Before I started writing novels, I used to write plays for radio and stage. It’s a completely different discipline and I’ve been feeling that I’d like to get back to it for a change. The thing that’s set me thinking about it, though, is the fact that I’m writing a sequel to The Figurehead and part of the action concerns the visit of a theatrical troupe to Aberdeen in 1842. It’s meant that I’ve had to revisit 19th century drama, which was the subject of my Ph.D. thesis and I’ve been reminded of how passionate audiences were then about plays.
The most popular form was melodrama and, in France in the 1830s (when revolutionary spirits were high), the theatre was a literal battle ground between the Romantics and the Traditionalists. The opening line of Victor Hugo’s Hernani (famous for the ‘Battles of Hernani’ that erupted in the audience night after night) throws down a gauntlet because the play’s written in a verse form called alexandrines which followed strict rules (until Hugo started loosening them). They were self-contained lines of 12 syllables and their meaning should never run on into the following line. But Hugo’s play begins with an old servant asking:
Serait-ce déjà lui? (Un coup.) C’est bien à l’escalier
Dérobé.
Which, very loosely translated, is :
Is he here already? (A knock on the door.) That’s certainly from the hidden
Staircase.
Splitting the noun and adjective in that way was a direct challenge and there was uproar immediately. Different parts of the audience threw cabbages and even worse things at one another.
In another part of the play, the king asks a courtier ‘What time is it?’ Cue more uproar because that’s not how kings speak. And when the courtier replies ‘Nearly midnight’, the traditionalists go bananas because courtiers would never be so familiar with monarchs. A contemporary English melodrama showed the way with the same sort of Q & A.
– Is midnight passed?
– Long since. Just as we crossed the glen the monastery chime swang heavy with the knell of yesterday.

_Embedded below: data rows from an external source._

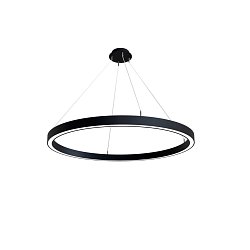 Obrázek pro produkt Deko-Light závěsné svítidlo Lautaro 1200/60 Down opál M4, 72 W, DALI, 4000 K, černá - DEKOLIGHT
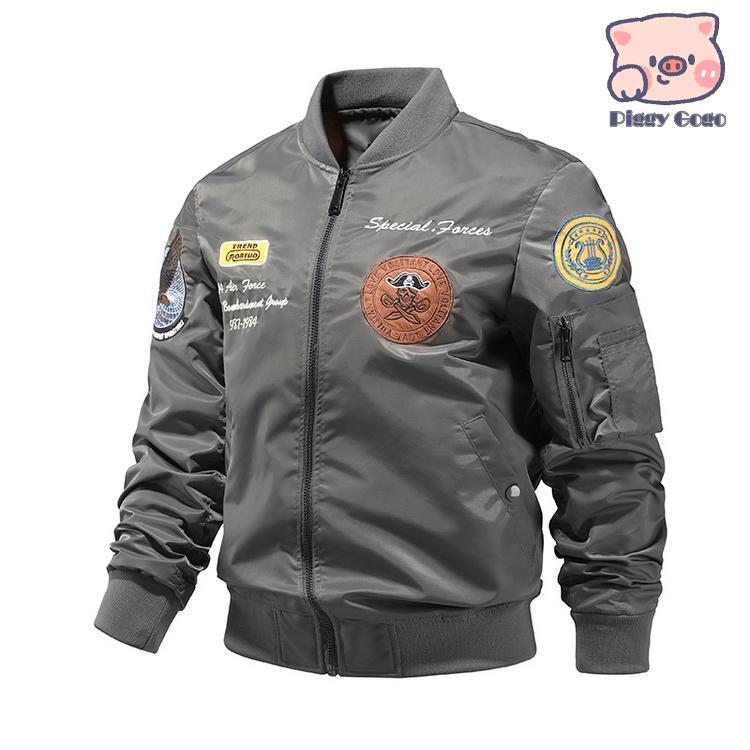 フライトジャケット メンズ MA1 MA-1 ジャケット はおり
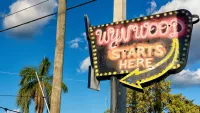 Wynwood is a fashionable neighbourhood. Credit: Shutterstock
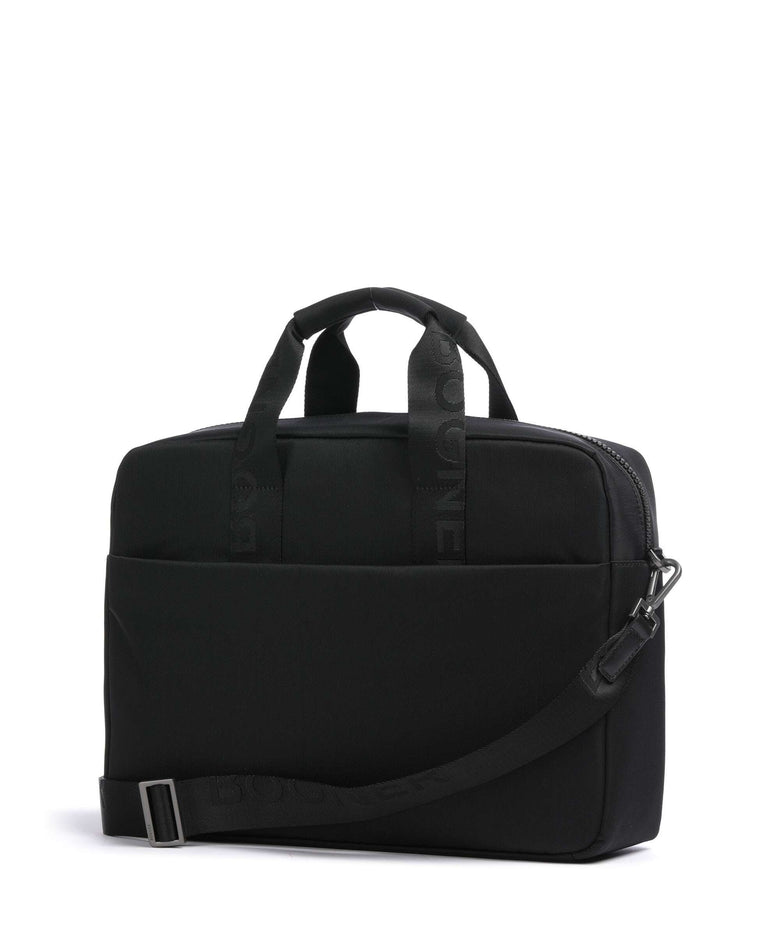 Bogner Arolla Mattis Briefcase black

Melodrama had its own language, its own range of gestures. Audiences knew what characters were thinking (or, more often, emoting) without any words being said. But the interesting thing is the degree of passion the theatre aroused. There’s one anecdote which illustrates it perfectly.

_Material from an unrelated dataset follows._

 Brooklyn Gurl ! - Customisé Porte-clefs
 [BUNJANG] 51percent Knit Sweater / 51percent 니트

Antony was a play written by Alexandre Dumas. It was a huge success and had full houses every night. The character of Antony, played by the famous actor Bocage, loves Adèle d’Hervey, played by the sensational Marie Dorval. Adèle is married with a daughter but Antony wants her to run away with him. They’re madly in love but Adèle refuses to leave her daughter. In the last act, Antony tracks her down to an inn and enters her room. Her husband’s on his way to join her and, just as Antony is about to drag her away by force, there’s a knock on the door. It’s the husband. If he comes in and finds them together, she’ll be dishonoured (even though they haven’t done anything). Adèle says Antony must kill her to save her honour. He kisses her and stabs her, the door crashes open and the husband sees his dead wife. Antony says ‘Yes. Dead. She was resisting me. I killed her’. Whereupon, the curtain falls to thunderous applause. End of play. That last line became famous and crowds continued to flock to the theatre to see and hear it.
But …
One night, an over-eager stagehand dropped the curtain when the husband came in and struck his horrified pose. There was no time for Bocage to say the line. The audience went crazy, screaming and yelling for the curtain to go up again, threatening all sorts of mayhem and refusing to leave the theatre. The trouble was that Bocage was already getting changed. He’d started taking off his makeup and refused to go back on stage. But the gallant Marie Dorval saved the day. She told the stagehand to raise the curtain again. He did and she staggered to her feet from her prone position, limped to the front of the stage and said ‘Yes. Dead. I was resisting him. He killed me’. The audience loved it and went home even happier than if they’d heard the line spoken by Antony.
You don’t find baying crowds nowadays except at football matches, so that sort of passion has disappeared even though theatre is still capable of generating intense catharsis. But the anecdote demonstrates how theatre can, at the same time, be unbearably intense and fundamentally absurd. That really was a willing suspension of disbelief.